These classes contain methods for searching and ranking torrents on tracker sites.
	
Class hierarchy within the sites package (top to bottom):
	SimpleSearch extends Rating;
	Rating extends BuildCache;
	KATBuildCache extends KATGrep;
		 
----------------------
The Traversal Routine:
----------------------
The sites packages hold all the methods necessary for traversing sites and running queries except for actually downloading the HTML, this is handled by the connect packages.
	
This API traverses the target site very similarly to the way a user would. The basic pattern is as follows: 
	
search term --> search URI --> search URI HTML --> all detail pages URIs --> detail page HTML --> find size, seeds, leeches, other torrent info
	
String searchTerm: The the music/movie title the user is searching
i.e "Some song"

String mediaType: The type of media you are searching (right now only songs and movies)
i.e "movie"

String searchURI: The URI generated by the sites.Grep.createParsedURI method
i.e searchURI = createParsedURI("mySearch", "movie")
	
String searchPage: The plain HTML of a searchURI generated when the searchURI is passed to the connect.GetHTTP.getWebPageHTTP or connect.GetGzippedHTTP.getWebPageHTTP methods
i.e searchPage = getWebPageHTTP(searchURI) or 
searchPage = getWebPageHTTP(createParsedURI("mySearch", "movie"))
	
String detailsURI: The URI generated by the sites.Grep.grepDetailsURI method, note that grepDetailsURI returns an array of n number of links.
i.e detailsURI = grepDetailsPage(searchURI) or 
detailsURI = grepDetailsPage(getWebPageHTTP(createParsedURI("mySearch", "movie")))
			
String detailsPage: The plain HTML of the detailsURI generated when the detailsURI is passed to the connect.GetHTTP.getWebPageHTTP or connect.GetGzippedHTTP.getWebPageHTTP methods
i.e detailsPage = getWebPageHTTP(detailsURI) or 
detailsPage = getWebPageHTTP(grepDetailsPage(getWebPageHTTP(createParsedURI("mySearch", "movie")))[0])
			
---------
PageGrep:
---------
The traversal routine has only one purpose to return a detailsPage. The detailsPage variable contains the size, number of seeds, number of leeches, and magnetLinks fields.
This information is critical if a person would like to find the best torrentLink later on.
To see how many seeds exist on a given detailsPage it's as simple as passing the entire detailsPage String to the grepSites method.
	
i.e grepSeeds(detailsPage) or
grepSeeds(getWebPageHTTP(grepDetailsPage(getWebPageHTTP(createParsedURI("mySearch", "movie"))))[0]))
	
to find the number of leeches:
grepLeeches(detailsPage) or 
grepLeeches(getWebPageHTTP(grepDetailsPage(getWebPageHTTP(createParsedURI("mySearch", "movie"))))[0]))
	
to find the size of the torrent:
grepSize(detailsPage) or 
grepSize(getWebPageHTTP(grepDetailsPage(getWebPageHTTP(createParsedURI("mySearch", "movie"))))[0]))
	
and to find the associated MagnetLink
grepMagnetLink(detailsPage) or 
grepMagnetLink(getWebPageHTTP(grepDetailsPage(getWebPageHTTP(createParsedURI("mySearch", "movie"))))[0]))
	
---------------
BuildDataCache:
---------------
PageGrep holds many primitive methods that can perform very simple operations like returning the number of seeds associated with a torrent.
The BuildDataCache is designed to simplify this process. Given an array of detailsURIs (generated by the grepDetailsURI method) BuildDataCache will store every seed, leech, and size value and associate it to a detailsURI.
In this way a person can search the results of a single query 
	
i.e buildDataCache(detailsURIs) where detailsURIs is an array of detailsURIs or
buildDataCache(getWebPageHTTP(grepDetailsPage(getWebPageHTTP(createParsedURI("mySearch", "movie")))))
	
Like the PageGrep class BuildDataCache also has methods for accessing it's cached content.
the dataCacheToArray method will separate out seeds, leeches, sizes, and detailLinks from the the cache.
	i.e dataCacheToArray(getDataCache(), "seed") or
		dataCacheToArray(getDataCache(), "leech") or
		dataCacheToArray(getDataCache(), "size") or
		dataCacheToArray(getDataCache(), "link")

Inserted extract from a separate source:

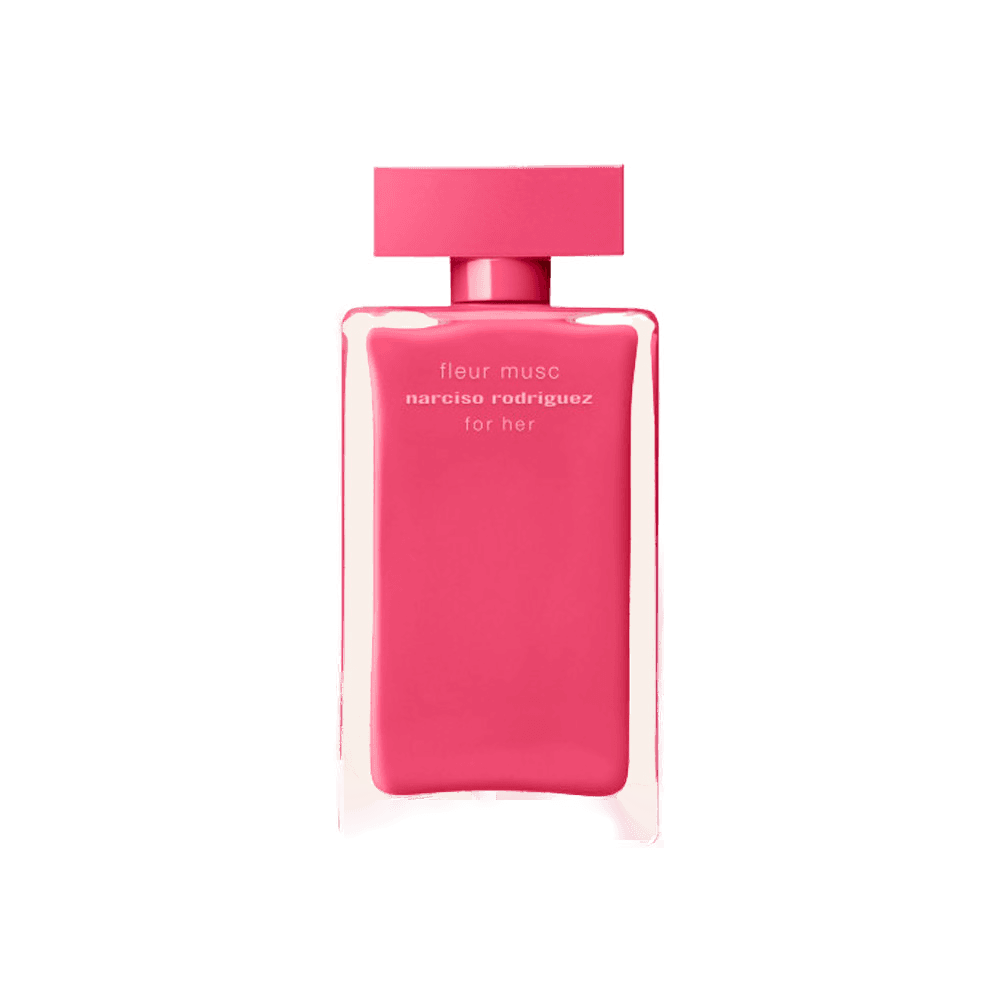Narcıso Rodrıguez Fleur Musc ətiri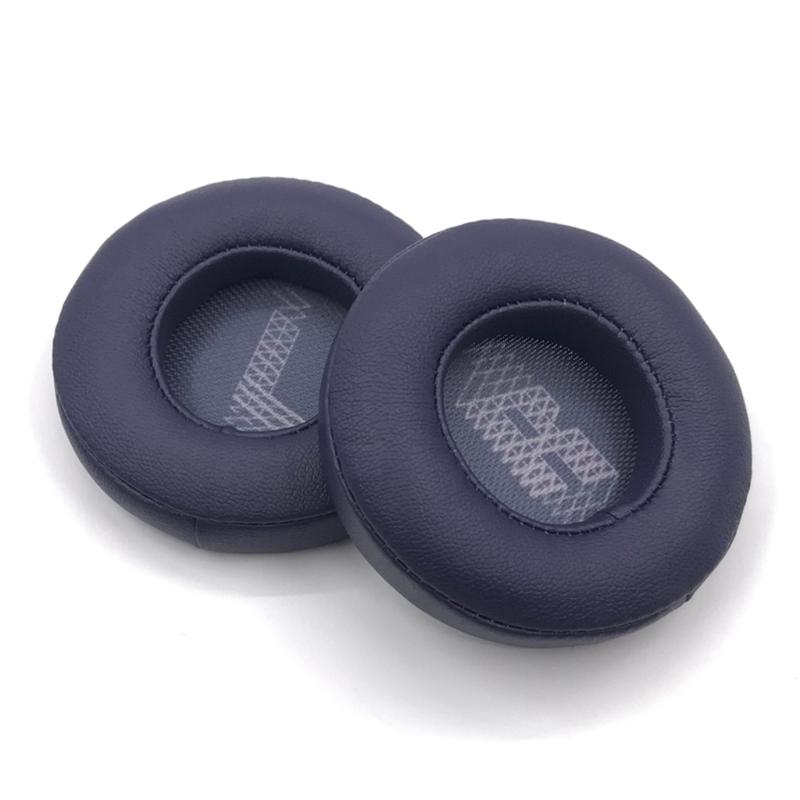 Qualified Replacement Repair Sponge Cover forJBL E35 E45 E45BT Headphone Cover Isolate Noise Cushion Mat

The qualityFilter method is a simple rating/comment sniffer that removes untrusted results from your cache. To use it simply pass your existing cache through the qualityFilter method.
The filter will clone your existing cache and then connect back back to the site and remove any untrusted links.
	i.e qualityFilter(getDataCache()) will return a list of good links.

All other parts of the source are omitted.